Kisah Aghnia Azizah, putri seorang ustadz yang merasa tertekan dengan aturan abahnya. Ia memilih berpacaran secara backstreet.
Akibat pergaulannya, Aghnia hampir kehilangan kehormatannya, membuat ia menganggap semua lelaki itu bejat hingga bertemu dosen killer yang mengubah perspektif hatinya.
Sanggup kah ia menaklukkan hati dosen itu? Ikuti kisah Nia mempelajari jati diri dan meraih cintanya.
Karya ini diterbitkan atas izin NovelToon Renyah, isi konten hanyalah pandangan pribadi pembuatnya, tidak mewakili NovelToon sendiri
Bab 3. Pingsan
Monica menepuk pundak Aghnia yang malah mengusap-usap pipinya sendiri.
"Apa sih Mon? Ditanya malah balik nanya", ketus Aghnia karena Monica nampaknya juga tak tahu siapa pria yang tengah membaca mushaf tadi.
"aku tahu siapa dia, tapi", ucap Monica terhenti, membuat Aghnia penasaran.
"Tapi apa Mon?", sungguh Nia, seraya mendorong ringan pundak Monica.

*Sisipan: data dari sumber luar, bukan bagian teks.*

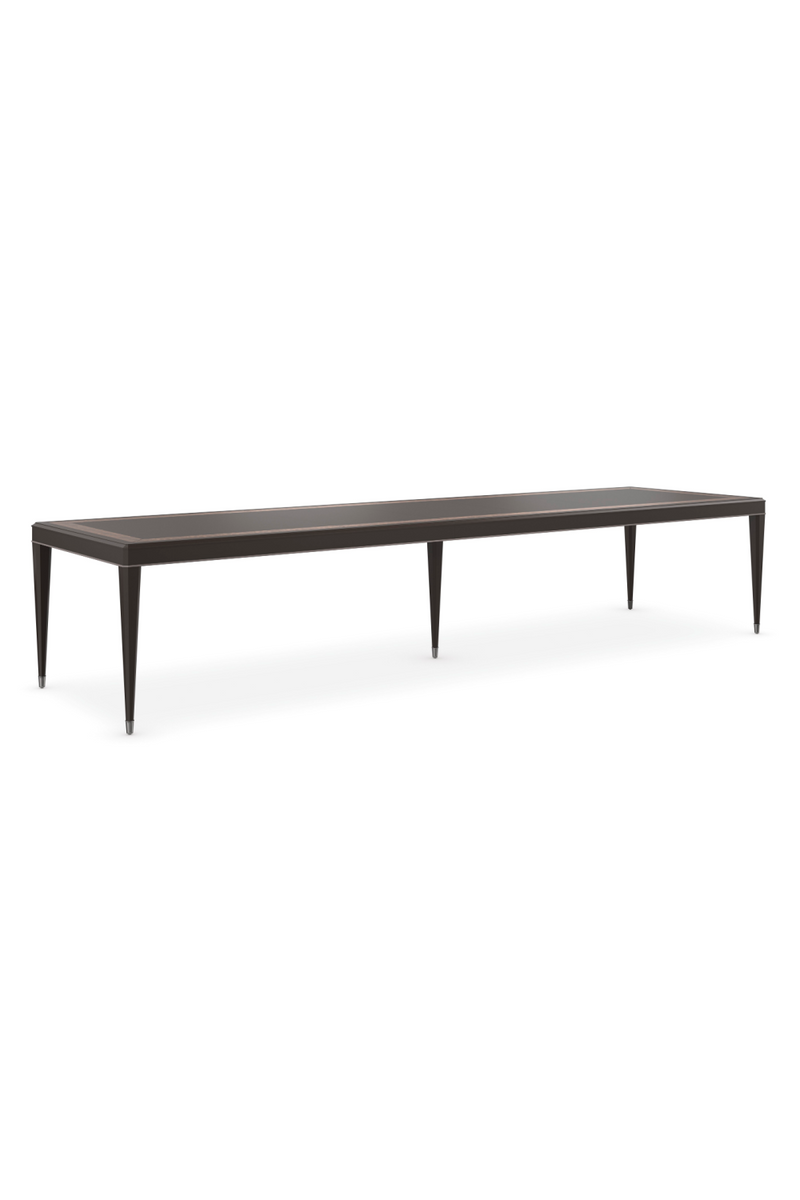 Dark Maple Dining Table | Caracole Full Score | Woodfurniture.com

"Tapi aku naksir sama dia Nia", ucap Monica, membuat Nia patah hati. Tapi, bukan Aghnia namanya kalau tidak bisa move on bahkan dari cowo yang belum ia kenal.
"Oh, ya sudah. Cepet gebet gih. Entar kalau mau nikah, jangan lupakan aku", sahut Nia, nampak santai saja.

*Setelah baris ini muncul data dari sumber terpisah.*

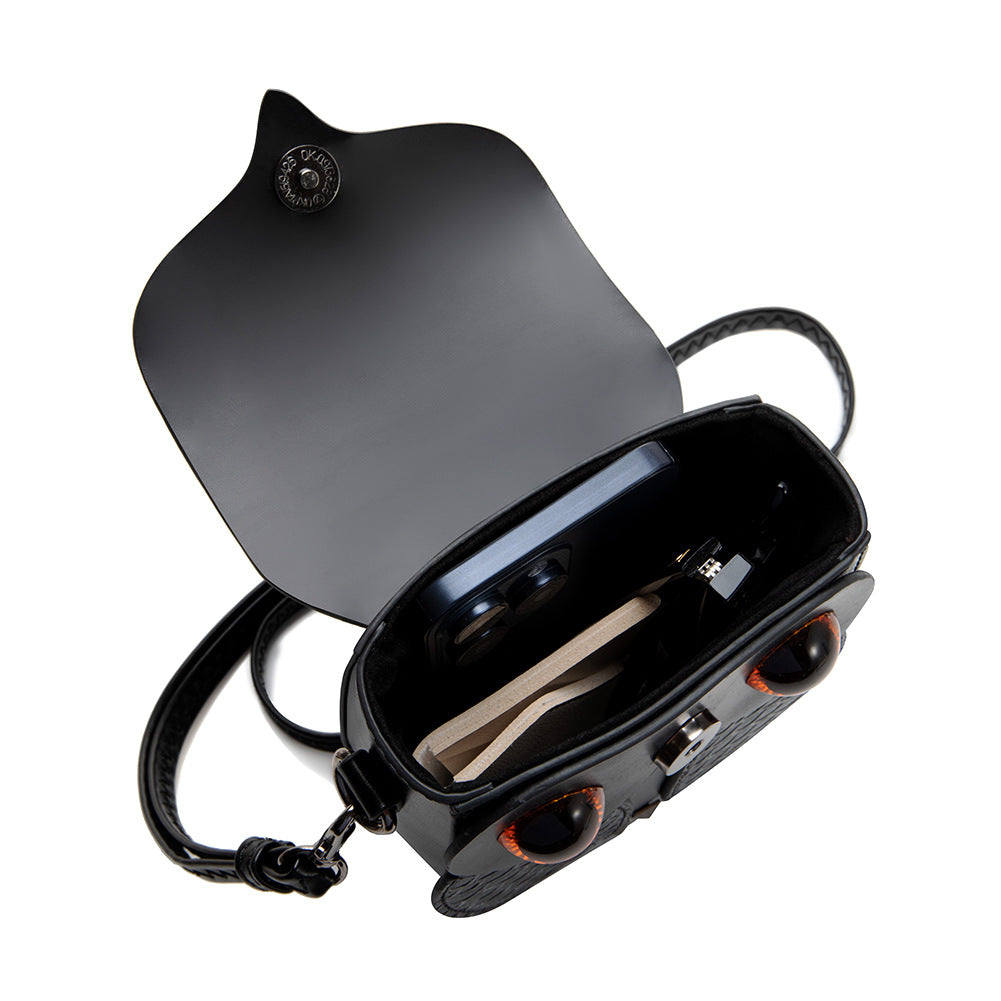 Creative Owl Design Crossbody Shoulder Bag | Compact & Unique | Stylish for Women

"Eh, aku, juga belum dekat sama Malik", ucap Monica, keceplosan menyebut nama pria itu.
"Em, gini aja. Ayo kita kenalan sama-sama. Kita bersaing secara sehat. Siapa yang disuka Malik, kita harus rela", lanjut Monica. Nampak Aghnia masih enggan menjawab. Pacar dan sahabat adalah dua sisi yang dibutuhkan, bukan saling meniadakan baginya.
"Engga ah Mon, ambil aja. Aku ngga mau saingan denganmu. Nanti, iya kalau kamu yang dipilih, aku bisa enjoy aja. Kalau aku yang dipilih, aku ngga yakin kamu bisa move on darinya", ungkap Nia.
"Iya juga sih. Tapi, kan Tuhan yang atur jodoh Ni. Meski dipaksakan, ngga akan kesampaian kalau bukan jodoh", tutur Monica masuk akal.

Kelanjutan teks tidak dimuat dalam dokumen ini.